HOW TO HANDLE TOXIC PEOPLE (Article) by Abidan Paul Shah 

(Published in the newspaper Daily Dispatch, Henderson on August 19, 2017)

It was a perfect end to a busy week. I had accomplished everything on my agenda, which is rare. Now it was time to head home and catch up on some well-needed family time. My face was smiling, my shoulders were relaxed, my mind was clear, my steps were unhurried, and I was humming Old Satch, “What a Wonderful World.” Then it happened. In a matter of seconds, the smile vanished, the shoulders became tense, the mind turned muddy, the swag was gone, and I think I began humming Old Hank, “I’m so Lonesome I Could Cry.” The family time was nothing like I had envisioned. If truth be told, it was a rather miserable weekend. You ask, “What brought such sudden and miserable change?” Well, I ran into a toxic person. You know the type who pushes you into Bunyan’s Slough of Despond, the fictional bog in which a person sinks under the weight of sin, guilt, shame, and discouragement. Have you ever been a victim of a toxic person? Let me share with you how to handle them:

First, recognize them for who they are. Toxic people come in all types. Dr. Travis Bradberry (double PhD in Clinical and Industrial-Organizational Psychology from the California School of Professional Psychology and author of the best seller Emotional Intelligence 2.0) identifies 10 kinds of toxic people: The Gossip, The Temperamental, The Victim, The Self-Absorbed, The Envious, The Manipulator, The Dementor, The Twisted, The Judgmental, and The Arrogant. Most of these designations are self-explanatory except for maybe the Dementor and the Twisted. The former are the kind who suck the life out of the room by their negativity and pessimism and the latter are out to hurt you, make you feel bad, or get something from you. Bradberry warns, “toxic people drive your brain into a stressed-out state that should be avoided at all costs…Toxic people don’t just make you miserable—they’re really hard on your brain.”
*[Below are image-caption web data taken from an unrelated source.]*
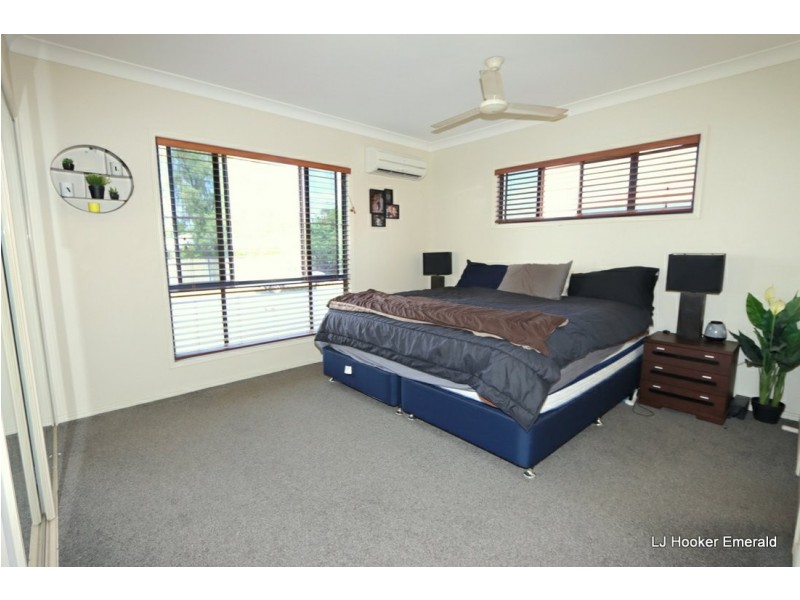 3 Cowan Crescent, Emerald QLD 4720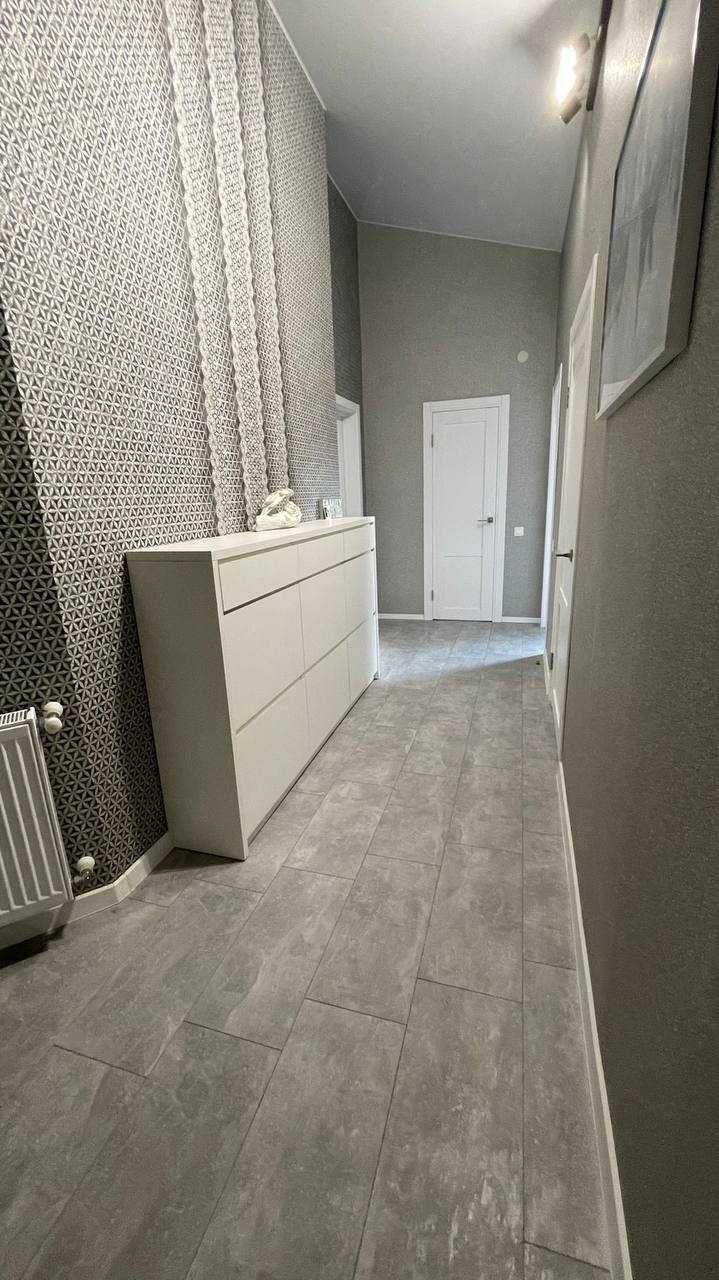 Продаж 3-кімнатної квартири в центрі (вул. Бельведерська)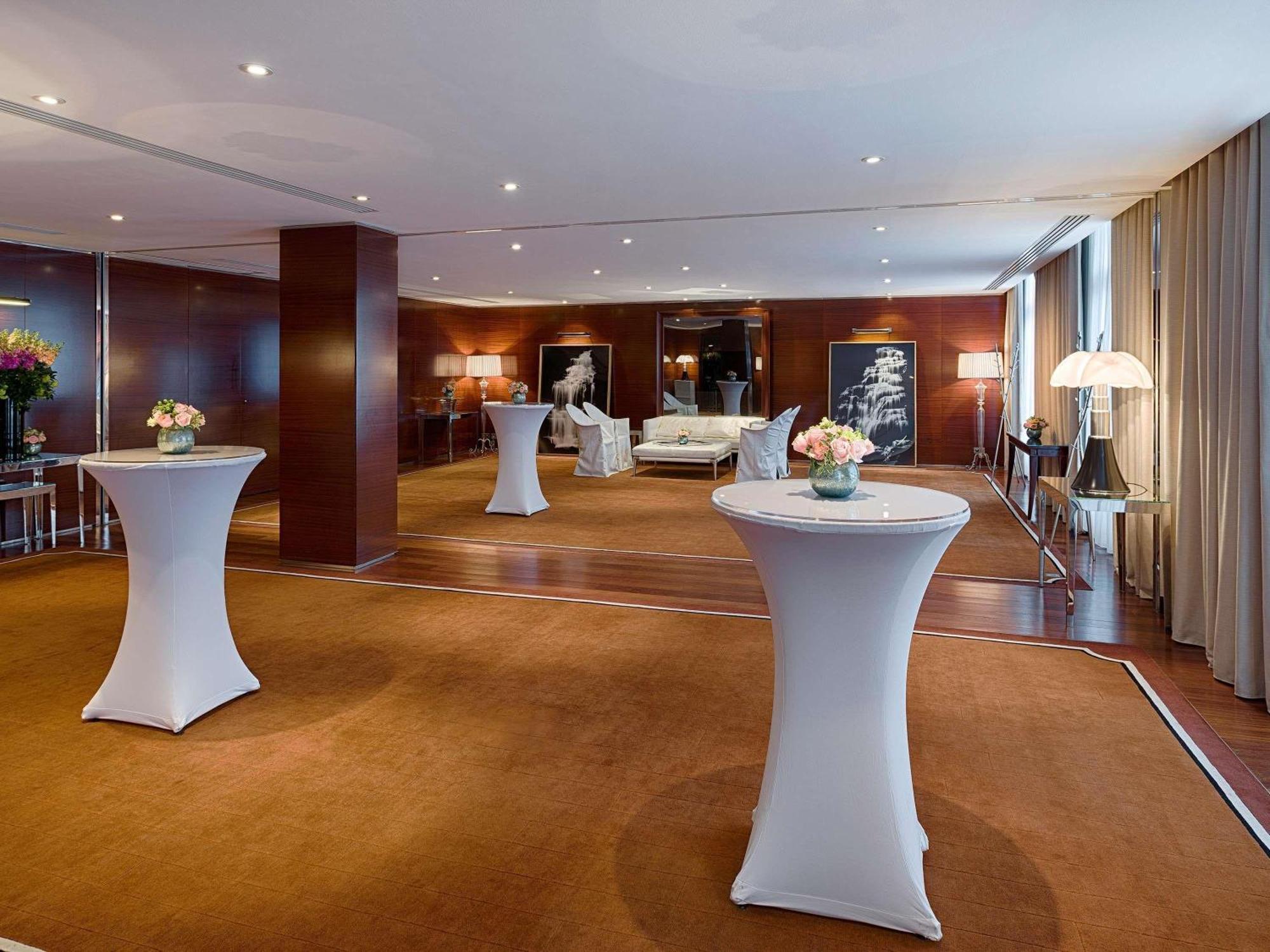 Le Royal Monceau Raffles Hotel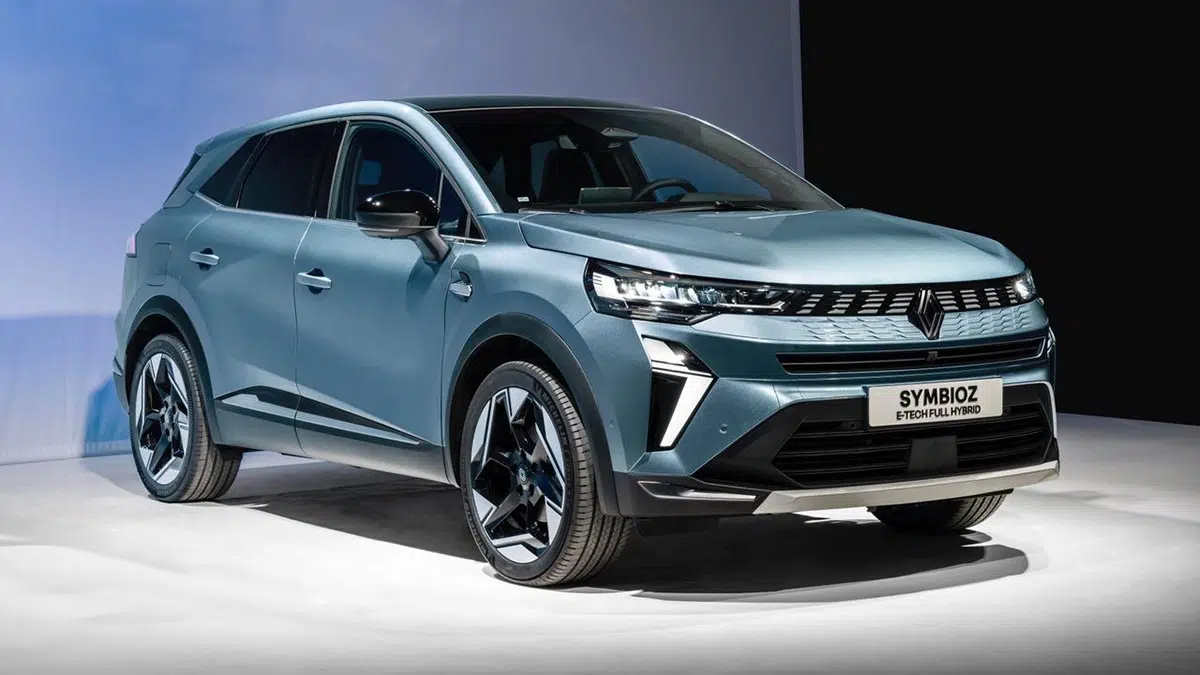 Ce SUV compact hybride avec 624 litres de coffre défie tous ses rivaux à 4,6L/100km ! 1 Vue de face du Renault Symbioz, montrant sa signature lumineuse distinctive et sa calandre moderne.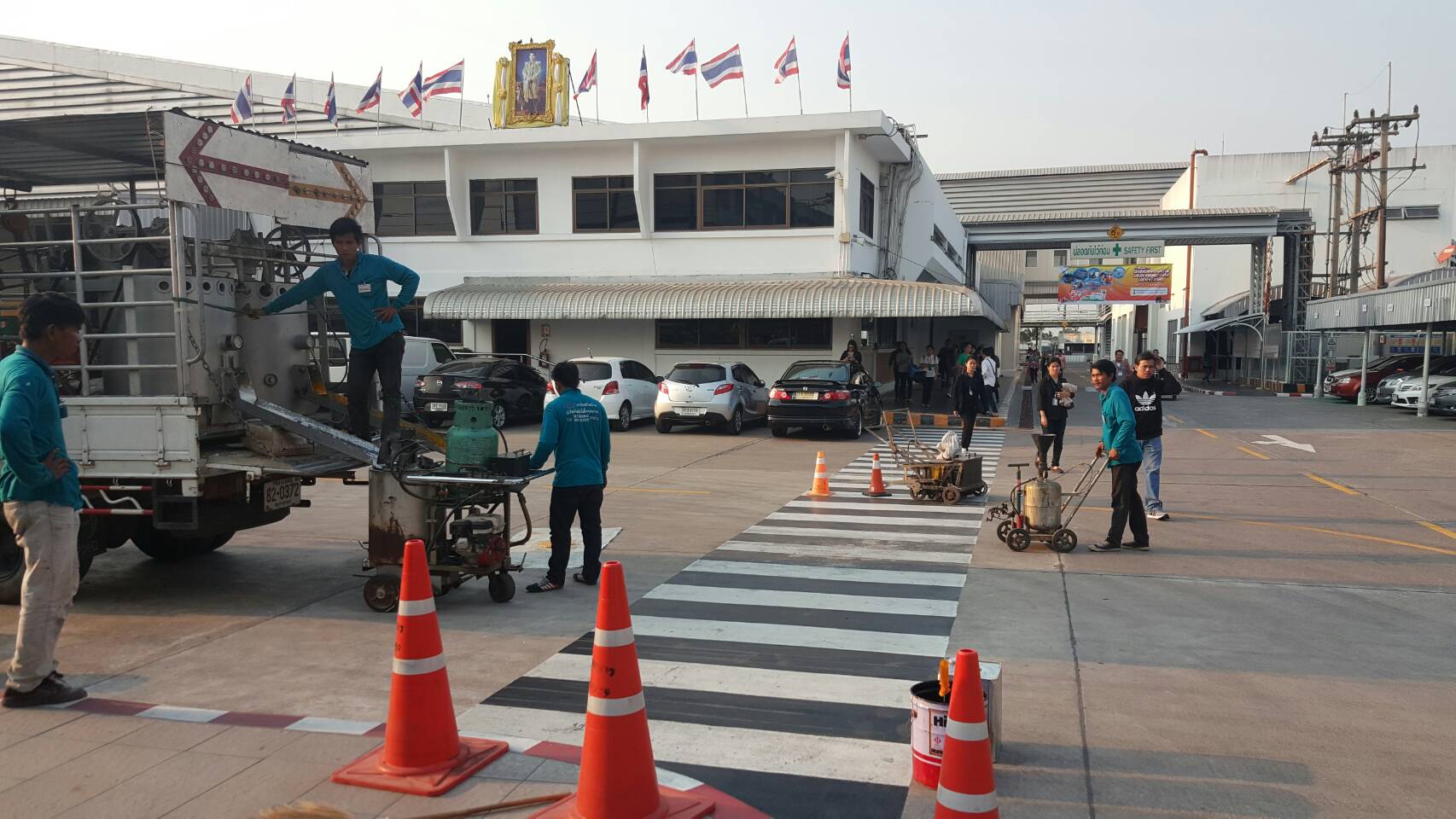 ทางม้าลายภายในโรงงาน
Next, always be prepared to face toxic people. To think that we can avoid them completely is unrealistic and naïve. They might be in the family, neighborhood, workplace, or social organizations (even church!). Trying to ignore them or keep them at arm’s length will only aggravate the situation and attempting to mirror their behavior will only lead to disaster. Instead, learn their behavior patterns and establish the appropriate emotional boundaries in your mind. Don’t get smug like me and stumble into a bad weekend. Also, avoid any toxic song, show, movie, book, or event in your life. Such things only add unnecessary toxicity to your life.

What if the damage has been done? Many years ago I allowed a toxic person to steal my joy. It took a toll on my health, family, and spiritual life. God in his mercy sent a mature person into my life who immediately recognized my distress. He pointedly asked, “Do you want this toxin out of your system?” At first I pretended to be fine and then the Holy Spirit convicted me of my pride. This godly person told me that he too struggled with it and he found help in Jesus’ words in Matthew 5:44 “love your enemies, bless those who curse you, do good to those who hate you, and pray for those who spitefully use you and persecute you.” He said, “Start praying that God would bless this person who has been toxic in your life. Pray for the next 20 days for physical, spiritual, and financial blessing in their life. Be aware that the first time you pray that it will be impossible to mouth those words. Do it again the next day and you might feel sick to your stomach but don’t stop. Eventually, it will become easier and easier. Then, there will come a day when you will pray and actually find yourself praying sincerely as if for a friend. Somewhere towards the end of the 20 days, you’ll wake up one morning and realize that you are free. The toxin has cleared out of your system.” Guess what! It actually worked!

Ultimately, sin is the toxin and only the grace of God through Jesus Christ can heal your life. Give it a try today.